Return all of the data exactly as written, without the pictures.

[Opening INFORMATION section]

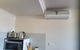Battery Point Apartment With Car Park - thumb 20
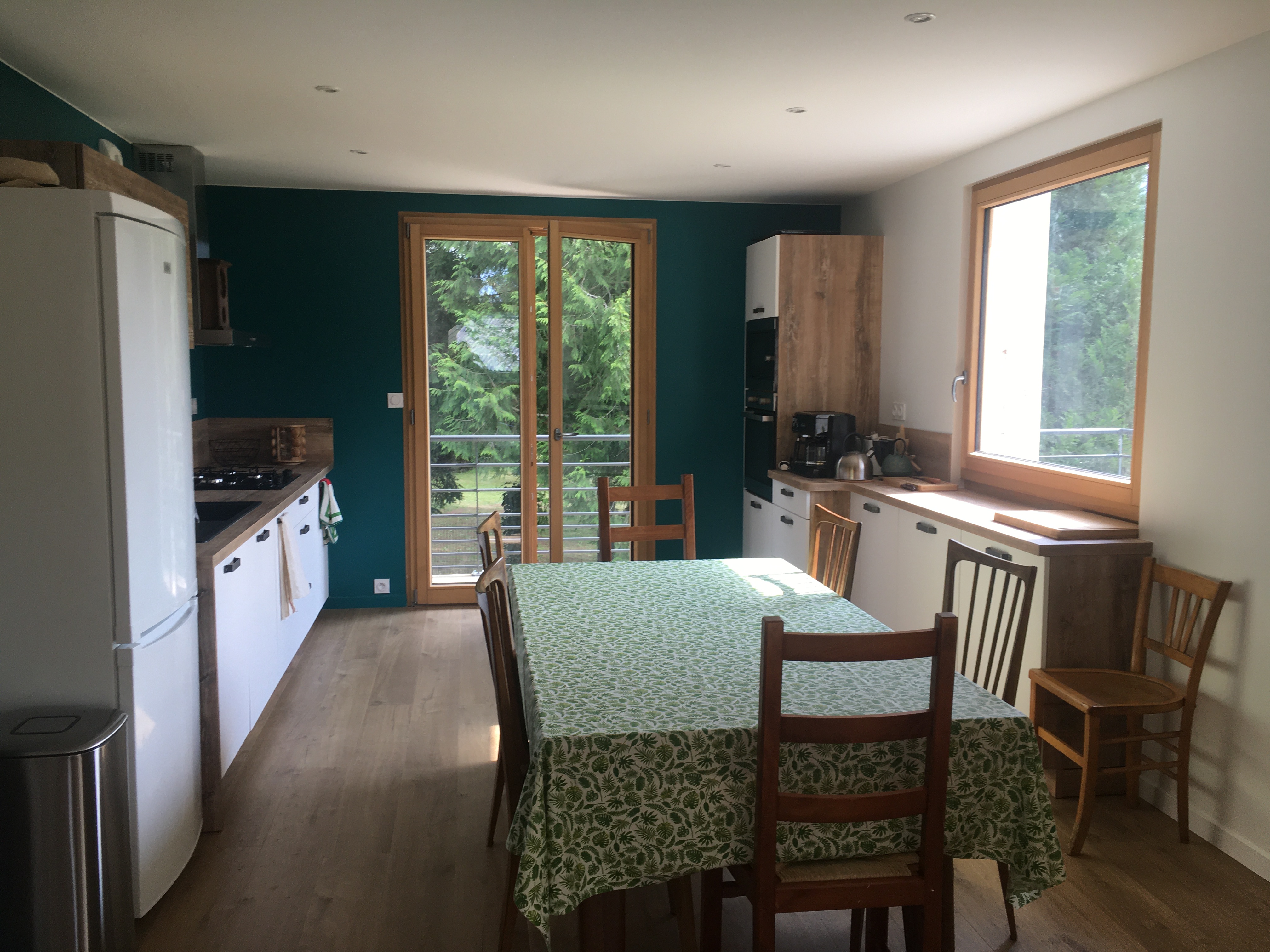 Photo n° 1 de l'avis de Lorraine.r fait le 28/01/2022 à 14:42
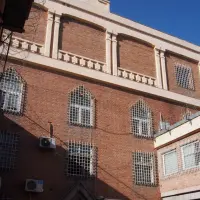 Шокираща операция във Варна: Задържаха петима надзиратели!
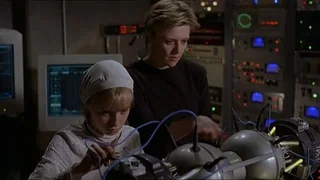 Image de Méthode d’apprentissage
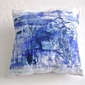 Send me the pillow you dream on 1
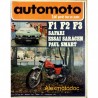 Automoto n° 14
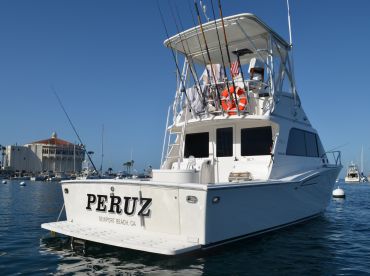 Freshbait Sportfishing thumbnail
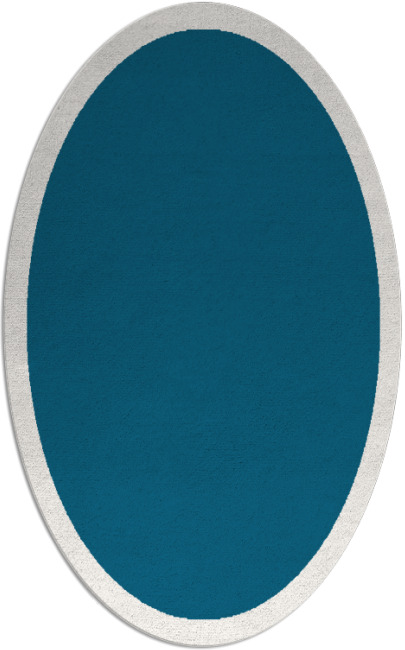 edge rug - item 887757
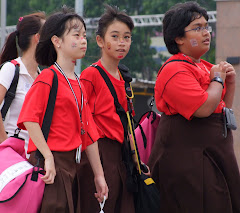 Schoolgirls1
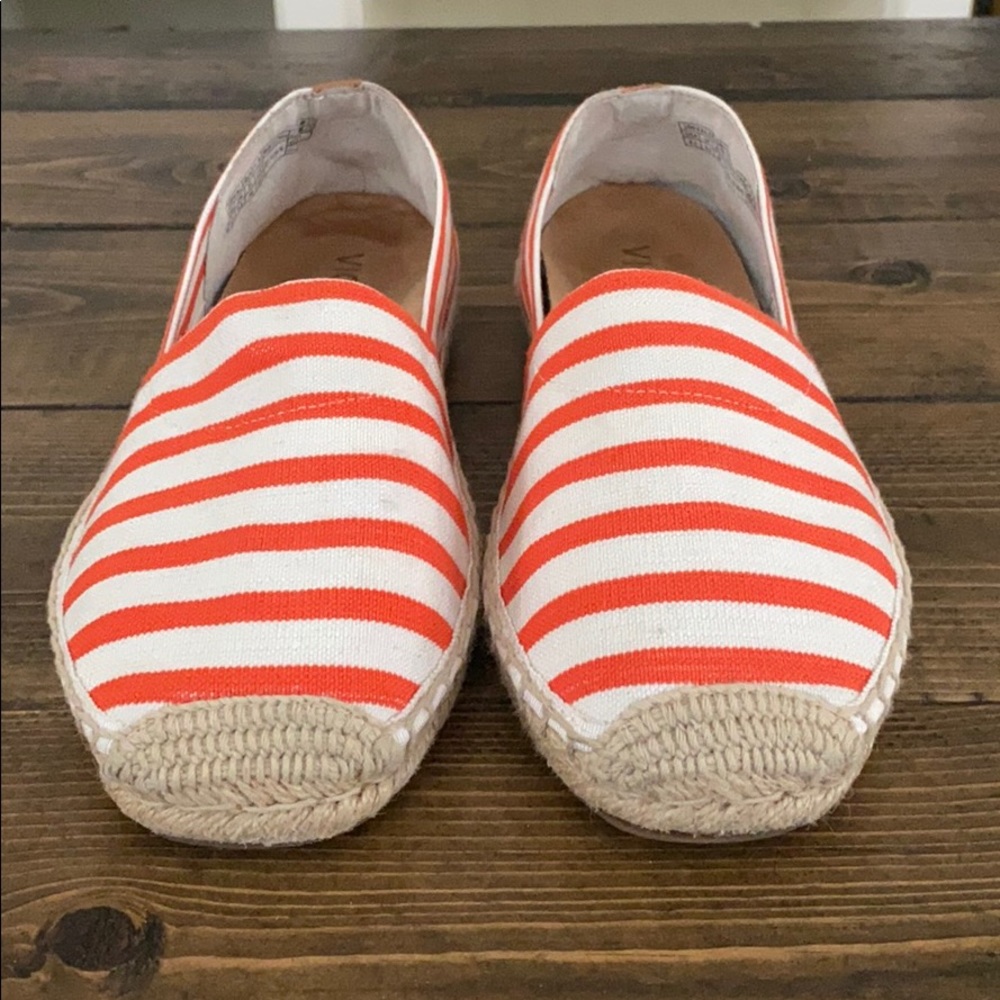Vionic Valeri Espadrille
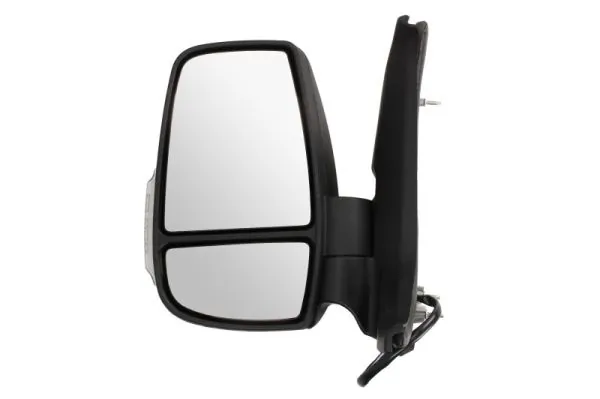 Exterior Mirror 5402-03-2001305P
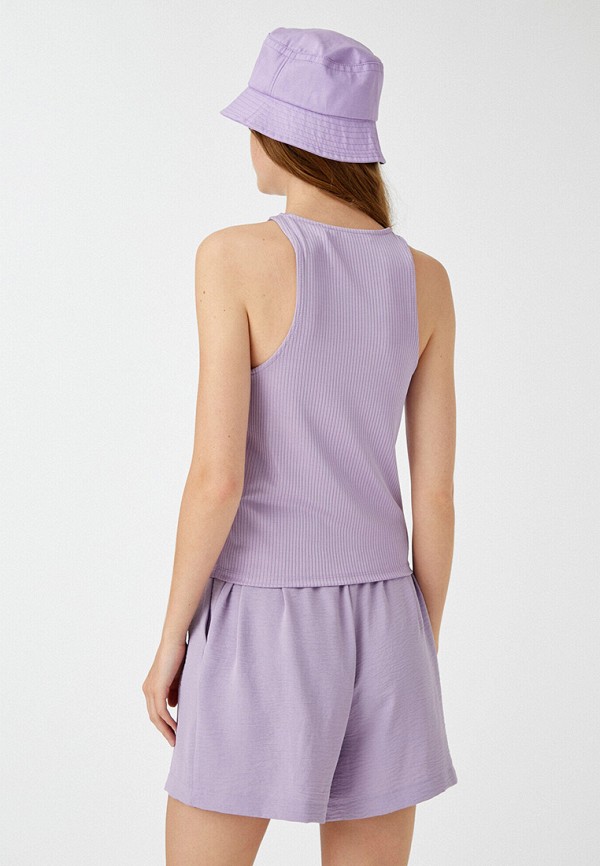 фото Майка koton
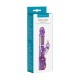 Eclipse Ultra 7 Rabbitronic Vibrator Eclipse Ultra 7 Rabbitronic Vibrator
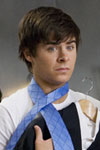 hsm2Efron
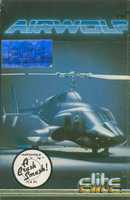 Free download Airwolf (UK, alt) ZX Spectrum 1200dpi 48bit free photo or picture to be edited with GIMP online image editor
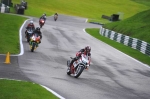 Motorcycle-action-photographs;cadwell;cadwell-park-photographs;event-digital-images;eventdigitalimages;motor-racing-louth-lincolnshire;no-limits-trackday;peter-wileman-photography;trackday;trackday-digital-images;trackday-photos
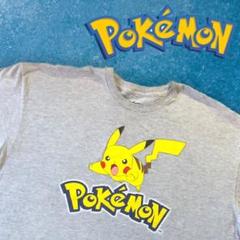 フランス ポケモンの中古 未使用品を探そう メルカリ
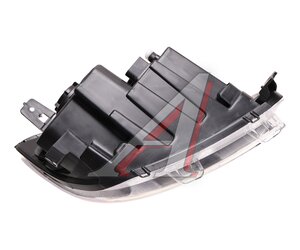 Изображение 3, 4121100P3010-MX Фара JAC T6 левая MOVELEX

[Closing INFORMATION section]

• _RESULT FOR THIS TASK_
Battery Point Apartment With Car Park - thumb 20
 Photo n° 1 de l'avis de Lorraine.r fait le 28/01/2022 à 14:42
 Шокираща операция във Варна: Задържаха петима надзиратели!
 Image de Méthode d’apprentissage
 Send me the pillow you dream on 1
 Automoto n° 14
 Freshbait Sportfishing thumbnail
 edge rug - item 887757
 Schoolgirls1
Vionic Valeri Espadrille
 Exterior Mirror 5402-03-2001305P
 фото Майка koton
 Eclipse Ultra 7 Rabbitronic Vibrator Eclipse Ultra 7 Rabbitronic Vibrator
 hsm2Efron
 Free download Airwolf (UK, alt) ZX Spectrum 1200dpi 48bit free photo or picture to be edited with GIMP online image editor
 Motorcycle-action-photographs;cadwell;cadwell-park-photographs;event-digital-images;eventdigitalimages;motor-racing-louth-lincolnshire;no-limits-trackday;peter-wileman-photography;trackday;trackday-digital-images;trackday-photos
 フランス ポケモンの中古 未使用品を探そう メルカリ
 Изображение 3, 4121100P3010-MX Фара JAC T6 левая MOVELEX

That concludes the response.